Get values from string with only space seperators

Hello,

I am reading a PDF text, and isolating a table. I am then splitting the table data up into seperate substrings in an array.

I am trying to split the substring data up, to get a name, a set of dates, and a cost value. The data is split up by spaces, and looks something like the data below (required values are in bold):

Scheduled Payment Mr John Smith 01/10/20-31/10/20 2,444.44
Scheduled Payment Mrs Paula Smith 01/10/20-31/10/20 5,283.98
Scheduled Payment Miss Susan May Smith 01/10/20-31/10/20 1,000.01
19423492 Sample Company Name (01)
Scheduled Payment Mr John Jones 01/10/20-31/10/20 2,444.44
Scheduled Payment Mrs Jess Mae Jones 01/10/20-31/10/20 5,283.98
Scheduled Payment Miss Susan Jess Jones 01/10/20-31/10/20 1,000.01

The data is semi consistent, the only things that will change is the cost value, and the name may have a middle name in, like the third line of the example. All of the “Scheduled Payments” are in groups under a company name.

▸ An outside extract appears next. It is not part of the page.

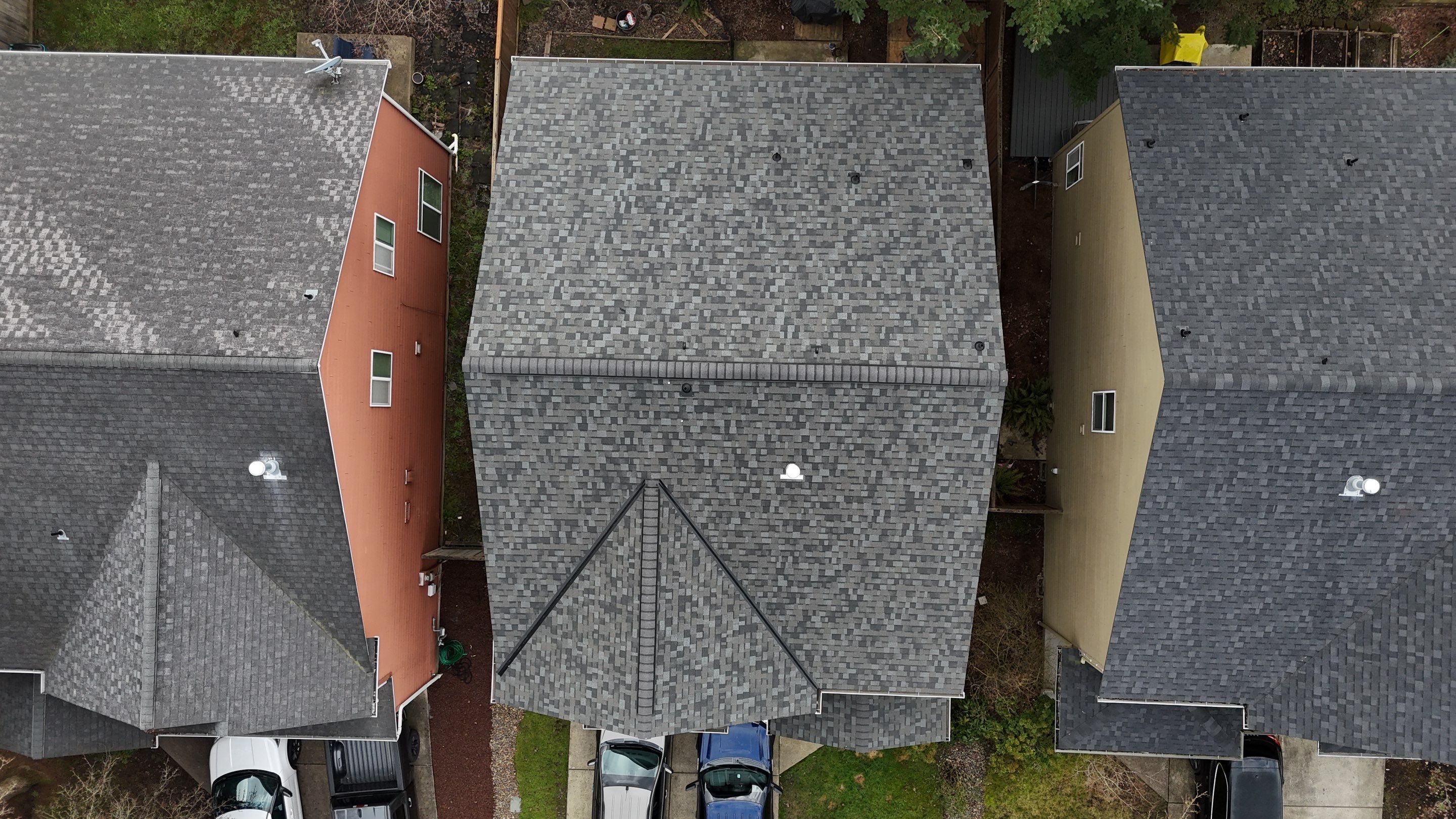 Williamsburg Gray | Roof Replacement in Vancouver, WA 98685 by Valiant Roofing, LLC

What is the most efficient way of splitting up these values and assigning the sections to variables? I was thinking of a regex, but I can’t get my head around them. Could someone help?

Thanks in advance.

I would recommend using one regular expression with three groups:

(?<=Scheduled Payment )(.+) (\d{2}/\d{2}/\d{2}-\d{2}/\d{2}/\d{2}) (\d+,\d+\.\d+)

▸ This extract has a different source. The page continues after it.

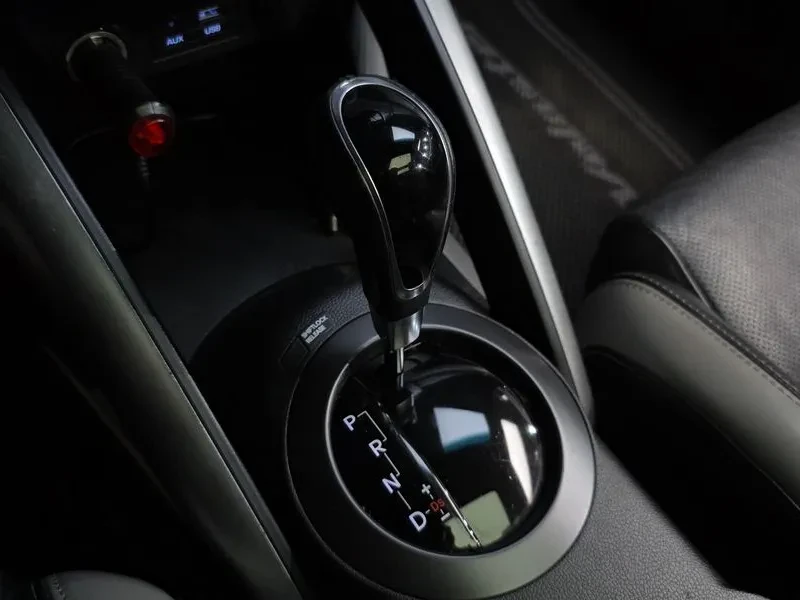Hyundai Veloster  1.6 Turbo Despec, снимка 9 - Автомобили и джипове - 56068995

Use the Matches activity with the pattern above and then loop through the matches with a For Each activity. For each item you can get the values like this:

Name = item.Groups(1).ToString
Date = item.Groups(2).ToString
Cost = item.Groups(3).ToString

1 Like

Hi @ptrobot,

This is the sequence including the Matches activity. I am looking at the locals panel during running, and the variable used in the activity, MatchedItems, does have a value, see below:
image

This is the Matches activity panel, have I set it up correctly?

Here’s the activities also:

If you are using the Regex Builder, don’t use Literal, change it to Advanced.

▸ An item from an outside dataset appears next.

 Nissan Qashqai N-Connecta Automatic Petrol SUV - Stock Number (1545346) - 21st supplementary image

My recommendation is, if you already have the regular expression, then just paste it in the Pattern field in the Properties:

image

The TypeArgument for the For Each activity should be RegularExpressions.Match.

image

In the message box you need item.ToString to get the full match or item.Groups(x) to get the different groups.

Here’s an example: RegExGroupsTest.xaml (6.3 KB)

1 Like

Hi @ptrobot,

I have copied the properties you have set and dragged in a new matches activity, but still the same empty match I had shown above.

When there are no matches, what is the value of you variable line? (Assuming that it’s the input string to your Matches activity.)

1 Like

The first two lines are blanks, but everything after that is the same format I specified in the initial post. I didn’t add the VAT payment amounts though:
Untitled

Apologies for the data redaction, it may not be as clear now, but this is sensitive information from a client and not made up names I used for an example

Are you using Matches with each line as an input string separately? In that case, you won’t get any matches for the first two empty lines and not for the VAT lines either.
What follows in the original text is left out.